▶ STUDY MATERIAL:

::::::

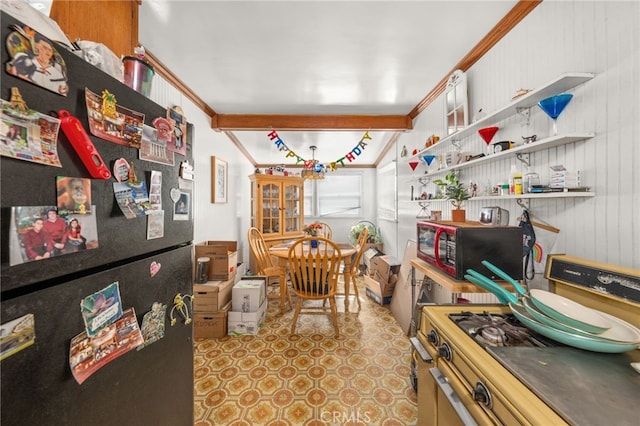 kitchen with freestanding refrigerator, open shelves, stainless steel gas range, wood walls, and ornamental molding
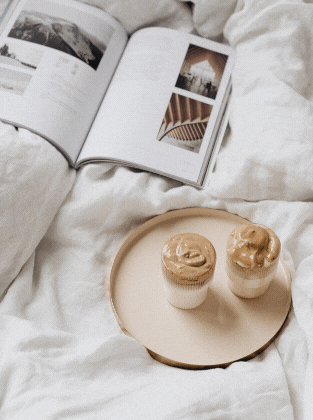 editorial book with coffee on the bed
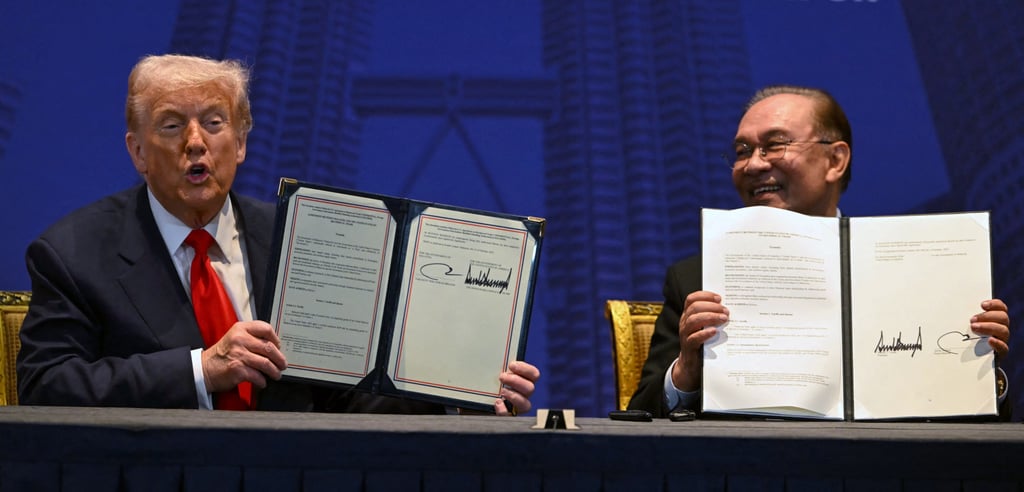 US President Donald Trump (left) and Malaysia’s Prime Minister Anwar Ibrahim hold up signed documents on a bilateral trade deal on the sidelines of the Asean summit in Kuala Lumpur on October 26, 2025. Photo: AFP US President Donald Trump (left) and Malaysia’s Prime Minister Anwar Ibrahim hold up signed documents on a bilateral trade deal on the sidelines of the Asean summit in Kuala Lumpur on October 26, 2025. Photo: AFP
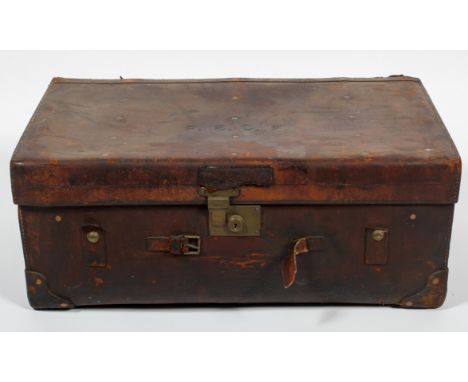 An Insall leather vintage travelling trunk, stamped 'INSALL/MAKER/BRISTOL', the brass mounted leather handles stamped, the to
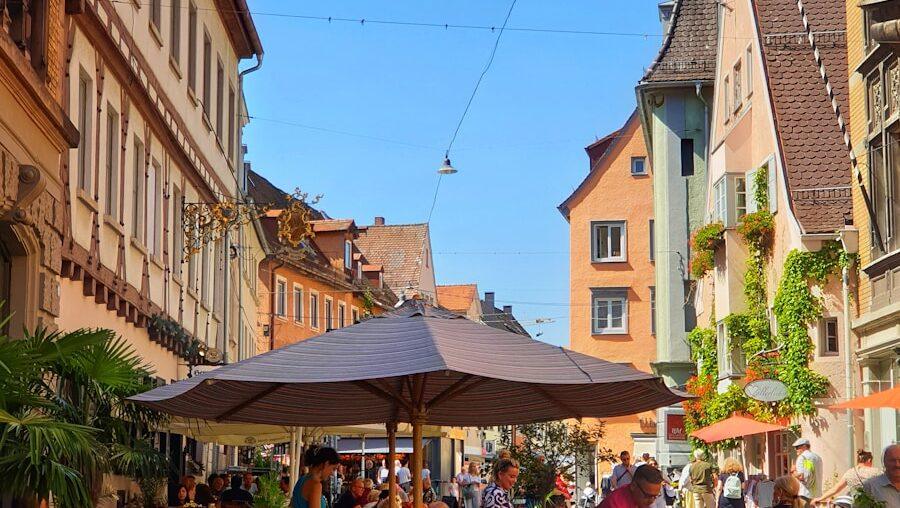 a group of people sitting at tables in a city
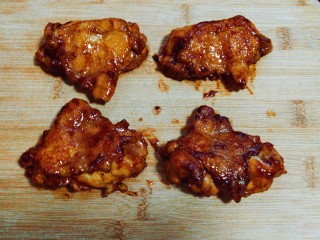 照烧鸡腿,收汁后夹出，放在熟食案板上。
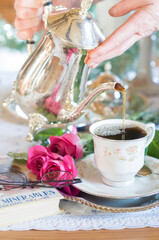 Tea break in English style, female hands in white lace gloves pour milk 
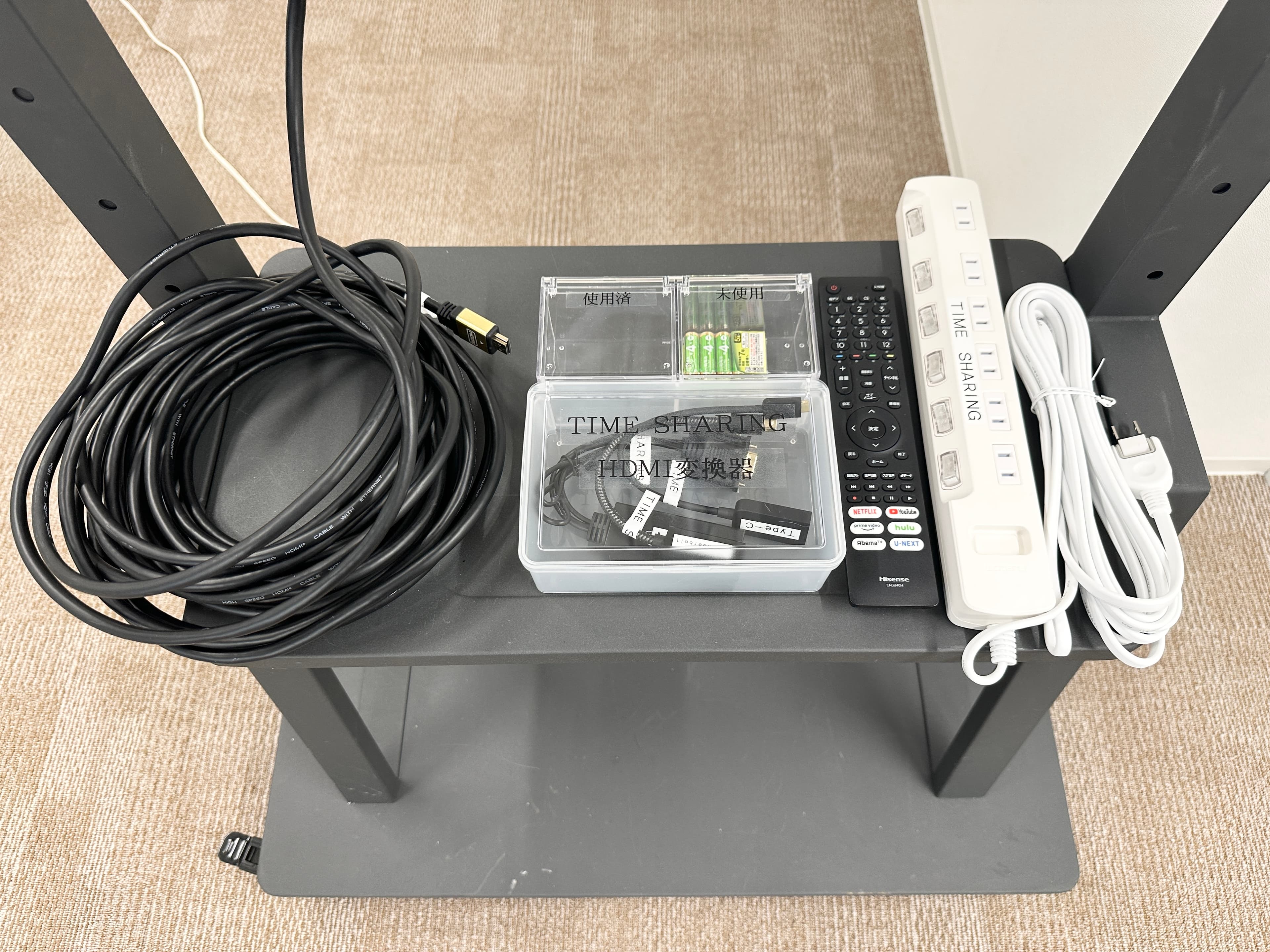 【モニター台に、変換機や延長コードなどの細かい備品を置いています】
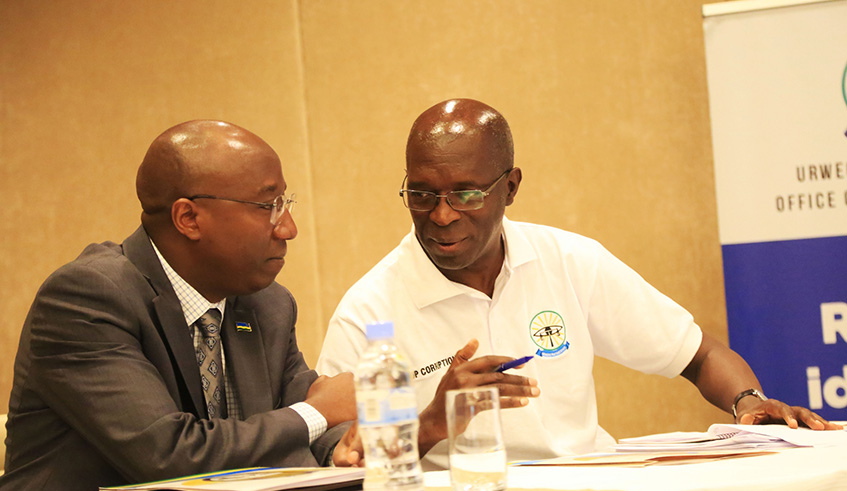 The Chief Ombudsman, Anastase Murekezi chats with Prime Minister Edouard Ngirente, during the meeting. Sam Ngendahimana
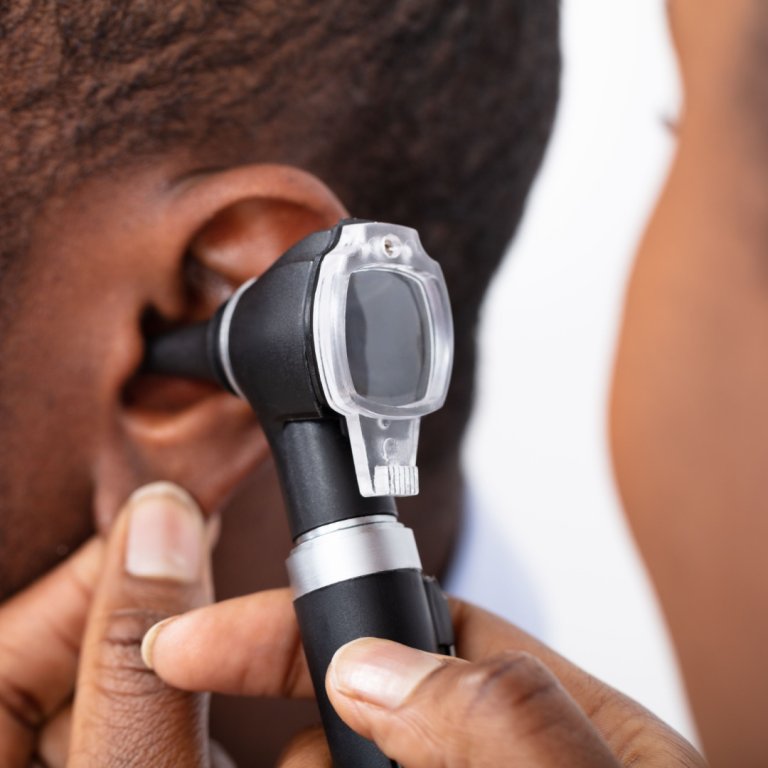 An audiologist examining the ear of a patient with an otoscope.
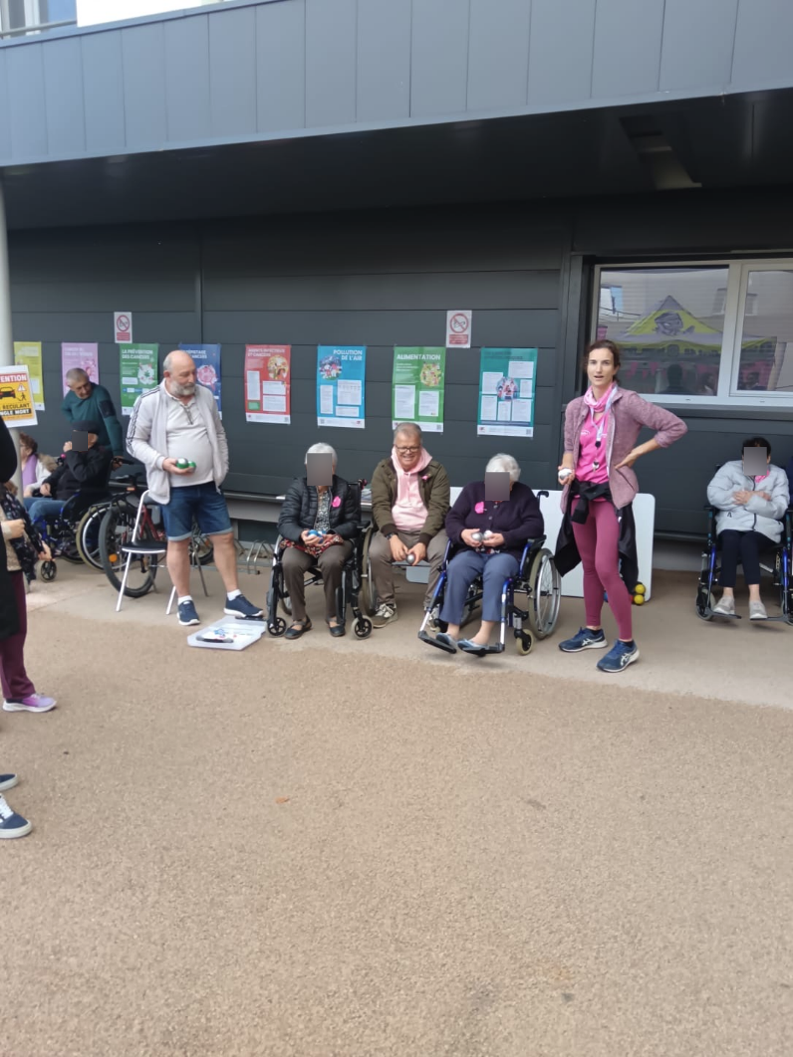Résidents et animatrice lors d'un jeu de boules devant les affiches de prévention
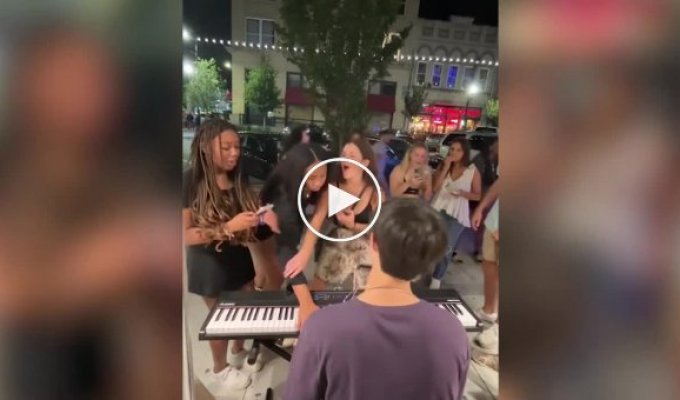 A woman interrupted a street musician's performance and then stole his money.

::::::

Repeat the lines above exactly, beginning with the one containing "照烧鸡腿,收汁后夹出，放在熟食案板上。" and finishing with the one containing "Résidents et animatrice". No pictures belong in the copy.

 照烧鸡腿,收汁后夹出，放在熟食案板上。
 Tea break in English style, female hands in white lace gloves pour milk 
 【モニター台に、変換機や延長コードなどの細かい備品を置いています】
 The Chief Ombudsman, Anastase Murekezi chats with Prime Minister Edouard Ngirente, during the meeting. Sam Ngendahimana
 An audiologist examining the ear of a patient with an otoscope.
Résidents et animatrice lors d'un jeu de boules devant les affiches de prévention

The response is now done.